0%

CUDA No process found but GPU memory occupied

Problem

when typing nvidia-smi, we find there is GPU memory occupied (See Red Boxes), but we cannot see any relevant process on that GPU (See Orange Boxes).

problem

Possible Answer

This can be caused by torch.distributed and other multi-processing CUDA programs. When the main process terminated, the background process still alive, not killed.
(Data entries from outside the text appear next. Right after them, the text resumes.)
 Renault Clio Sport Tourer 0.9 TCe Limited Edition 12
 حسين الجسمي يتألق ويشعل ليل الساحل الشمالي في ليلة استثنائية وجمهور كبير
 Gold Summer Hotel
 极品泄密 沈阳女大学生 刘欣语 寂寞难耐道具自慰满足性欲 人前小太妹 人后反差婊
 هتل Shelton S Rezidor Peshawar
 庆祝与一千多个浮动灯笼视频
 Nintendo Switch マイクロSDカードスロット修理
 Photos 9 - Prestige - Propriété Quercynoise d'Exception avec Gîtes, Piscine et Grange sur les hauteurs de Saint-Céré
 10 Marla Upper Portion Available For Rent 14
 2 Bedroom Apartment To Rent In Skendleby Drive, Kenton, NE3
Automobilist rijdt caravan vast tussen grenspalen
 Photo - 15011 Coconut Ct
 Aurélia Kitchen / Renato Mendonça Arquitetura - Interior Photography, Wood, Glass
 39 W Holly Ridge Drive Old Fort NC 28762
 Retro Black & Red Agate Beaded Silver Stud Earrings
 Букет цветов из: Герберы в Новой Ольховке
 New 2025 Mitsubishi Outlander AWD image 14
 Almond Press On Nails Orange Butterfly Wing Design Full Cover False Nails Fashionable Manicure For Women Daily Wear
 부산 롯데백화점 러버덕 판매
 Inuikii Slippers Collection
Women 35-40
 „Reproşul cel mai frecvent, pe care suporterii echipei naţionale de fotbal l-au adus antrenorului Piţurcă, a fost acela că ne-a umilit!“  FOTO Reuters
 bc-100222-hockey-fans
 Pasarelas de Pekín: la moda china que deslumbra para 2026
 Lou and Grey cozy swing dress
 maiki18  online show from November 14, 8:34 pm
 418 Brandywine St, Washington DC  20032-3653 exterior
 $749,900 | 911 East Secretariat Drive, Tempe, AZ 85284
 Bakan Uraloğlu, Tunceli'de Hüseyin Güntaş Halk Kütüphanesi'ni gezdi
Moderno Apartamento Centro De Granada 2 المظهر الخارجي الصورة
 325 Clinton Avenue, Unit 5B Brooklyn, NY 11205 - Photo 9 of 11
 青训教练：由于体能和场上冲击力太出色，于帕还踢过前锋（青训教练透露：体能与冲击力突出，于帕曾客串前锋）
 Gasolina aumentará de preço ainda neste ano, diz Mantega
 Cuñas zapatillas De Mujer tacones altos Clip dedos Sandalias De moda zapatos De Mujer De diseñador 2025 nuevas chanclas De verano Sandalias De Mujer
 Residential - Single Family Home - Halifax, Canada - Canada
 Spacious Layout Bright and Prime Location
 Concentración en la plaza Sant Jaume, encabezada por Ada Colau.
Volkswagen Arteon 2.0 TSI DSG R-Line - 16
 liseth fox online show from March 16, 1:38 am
  1. To figure which processes used the GPU, we can use the following command:
1
2
3
4
5
6
7
8
9
fuser -v /dev/nvidia<id>
# OUTPUT
Users PID Command
/dev/nvidia5: XXXXXX 14701 F...m python
XXXXXX 14703 F...m python
XXXXXX 14705 F...m python
XXXXXX 14706 F...m python
XXXXXX 37041 F...m python
XXXXXX 37053 F...m python

This will list all of the processes that use GPU. Note that if this is executed from a normal user, then only the user’s processes displayed. If this is executed from root, then all user’s relevant processes will be displayed.

  1. Then use the following command to kill the process shown above.
1
kill -9 [PID]

That will kill the process on the GPU. After killing the processes, you will find the GPU memory is freed. If still occupied, this may be caused by other users. You need to ask other users/administrators to kill it manually.